This thread has been locked.

If you have a related question, please click the "Ask a related question" button in the top right corner. The newly created question will be automatically linked to this question.

CCS/TCI6630K2L: Why software pipelining loop Taking more cycles on c66x.

Part Number: TCI6630K2L

Tool/software: Code Composer Studio

Hi,

Below, the code of a loop .

for(ii = 0; ii < len_words; ii++)
{
     src1 = _amemd8(pdSrc++);
     src2 = _amemd8(pdSrc2++);
     _amemd8(pdDst++) = src1;
    _amemd8(pdDst2++) = src2;

}

The software pipeline information for this loop is,

;* SOFTWARE PIPELINE INFORMATION
;*
;* Loop found in file : C:/Users/Lekha/workspac_Tarana_Optimiz/Source/memcopy.c
;* Loop source line : 43
;* Loop opening brace source line : 44
;* Loop closing brace source line : 49
;* Known Minimum Trip Count : 1
;* Known Max Trip Count Factor : 1
;* Loop Carried Dependency Bound(^) : 0
;* Unpartitioned Resource Bound : 2
;* Partitioned Resource Bound(*) : 2
;* Resource Partition:
;* A-side B-side
;* .L units 0 0
;* .S units 0 0
;* .D units 2* 2*
;* .M units 0 0
;* .X cross paths 0 0
;* .T address paths 2* 2*
;* Long read paths 0 0
;* Long write paths 0 0
;* Logical ops (.LS) 0 0 (.L or .S unit)
;* Addition ops (.LSD) 0 0 (.L or .S or .D unit)
;* Bound(.L .S .LS) 0 0
;* Bound(.L .S .D .LS .LSD) 1 1
;*
;* Searching for software pipeline schedule at ...
;* ii = 2 Schedule found with 3 iterations in parallel
;* Done
;*
;* Loop will be splooped
;* Collapsed epilog stages : 0
;* Collapsed prolog stages : 0
;* Minimum required memory pad : 0 bytes
;*
;* Minimum safe trip count : 1
;*----------------------------------------------------------------------------*
$C$L1: ; PIPED LOOP PROLOG

SPLOOP 2 ;6 ; (P)
|| MV .L2X A4,B6

;** --------------------------------------------------------------------------*
$C$L2: ; PIPED LOOP KERNEL
$C$DW$L$t_memcpy$3$B:

LDDW .D2T2 *B6++,B5:B4 ; |47| (P) <0,0>
|| LDDW .D1T1 *A3++,A5:A4 ; |48| (P) <0,0>

NOP 2

SPMASK L1
|| MV .L1 A7,A6

NOP 1

SPKERNEL 2,0
|| STDW .D2T2 B5:B4,*B7++ ; |47| <0,5>
|| STDW .D1T1 A5:A4,*A6++ ; |48| <0,5>

$C$DW$L$t_memcpy$3$E:
;** --------------------------------------------------------------------------*
$C$L3: ; PIPED LOOP EPILOG
;** --------------------------------------------------------------------------*

in software pipeline information showing as 2 cycles, but its taking 21 cycles for one iteration.I am not understanding here what is problem?

Thanks & regards,

Raj Bhavani.

  • There are two things to consider.

    The loop takes 2 CPU cycles per iteration once the steady state of the loop is achieved.  It takes a few cycles for the loop to pipe up to achieve steady state.  And a few cycles to pipe down when the loop concludes.  

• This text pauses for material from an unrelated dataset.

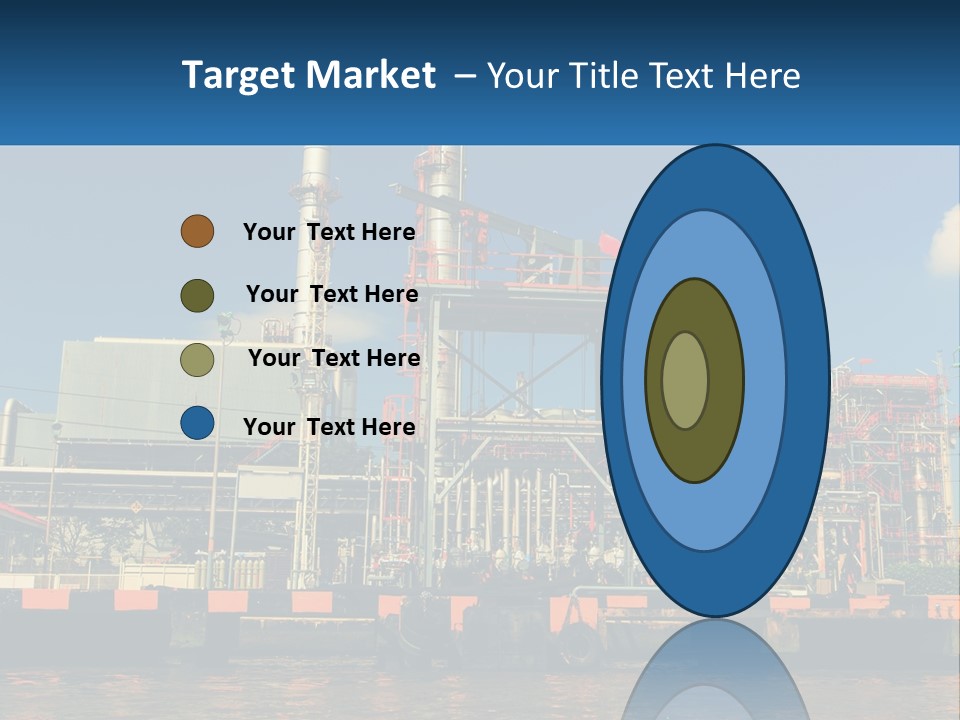 A Power Plant Is Shown In This Powerpoint Presentation PowerPoint Template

    By saying "CPU cycles" I ignore cycles lost to cache misses, memory latencies, and the like.  Is this code located in external memory?  Is either the source, or the destination, or both, located in external memory?  If so, more cycles are required.

    Thanks and regards,

    -George

  • Hi George,

    Code , source and destination are located in local memory.

    Thanks & Regards.
    Raj Bhavani.
  • Raj Bhavani B said:
    software pipeline information showing as 2 cycles, but its taking 21 cycles for one iteration

    Exactly how do you measure the number cycles executed for one iteration?

    Thanks and regards,

    -George

  • Please reply to the question about how you measure cycles.

    Thanks and regards,

    -George

  • Since it has been a while, I presume you have resolved your problem.  Please let us know how you resolved it.

    Thanks and regards,

    -George

  • Hi George,

    Sorry for delay.

    I have measured the cycles of the loop using TSCL and found the number of cycles for one complete iteration. For example 630 Cycles were taking to complete the loop(30 iterations), So here for one iteration 21 cycles.

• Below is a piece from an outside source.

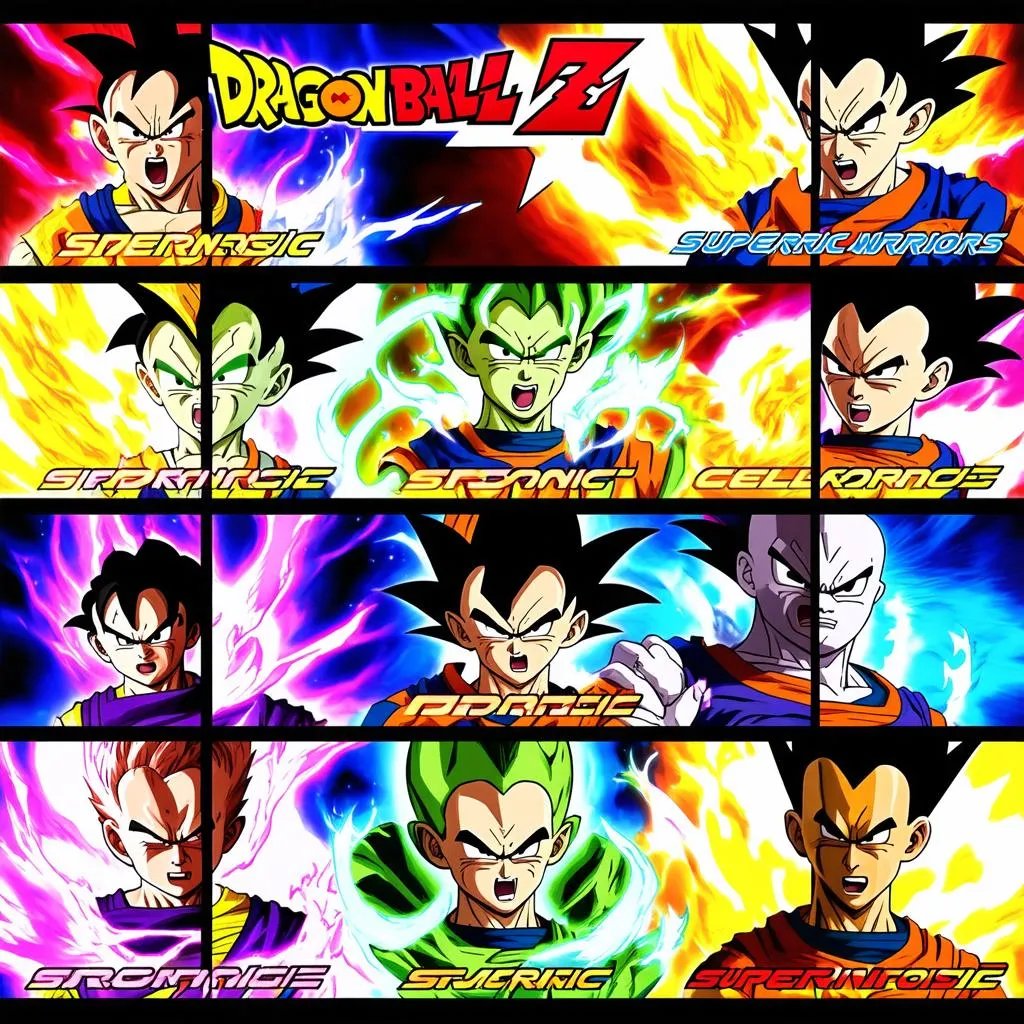 Characters Dragon Ball Z: Supersonic Warriors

    We have observed different time cycles taken by software pipeline code function, Very first time this loop single iteration is taking 21 cycles but second time on wards its taking 2 cycles per iteration.

    Thanks,
    Raj Bhavani.
  • Raj,

    If a routine takes a long time the first time and is faster the next time, that is a classic example of the speed improvement of cached memory. In spite of your comment that all program and data is in local memory, there are obvious cache effects taking place here, and in particular longer times for accessing the data during the first pass through the loop.

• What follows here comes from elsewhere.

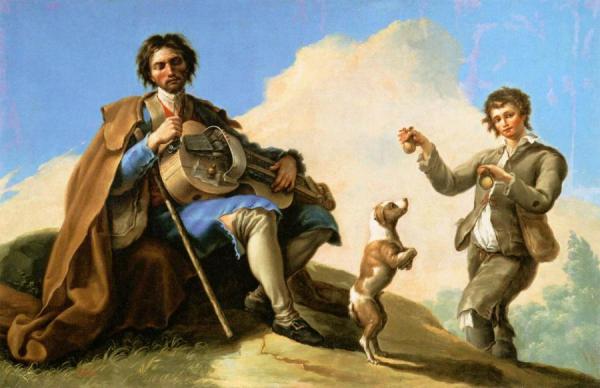 The Blind Singer by Ramon Bayeu Y Subias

    There are advanced tools available for trace features that can shed light on memory access delays. And there are several documents that may help you, such as the Optimizing Loops app note and the DSP cache user guide. For detailed software support for the TCI6630K2L, you will want to contact one of our support Partners, CommAgility or Azcom.

    Regards,
    RandyP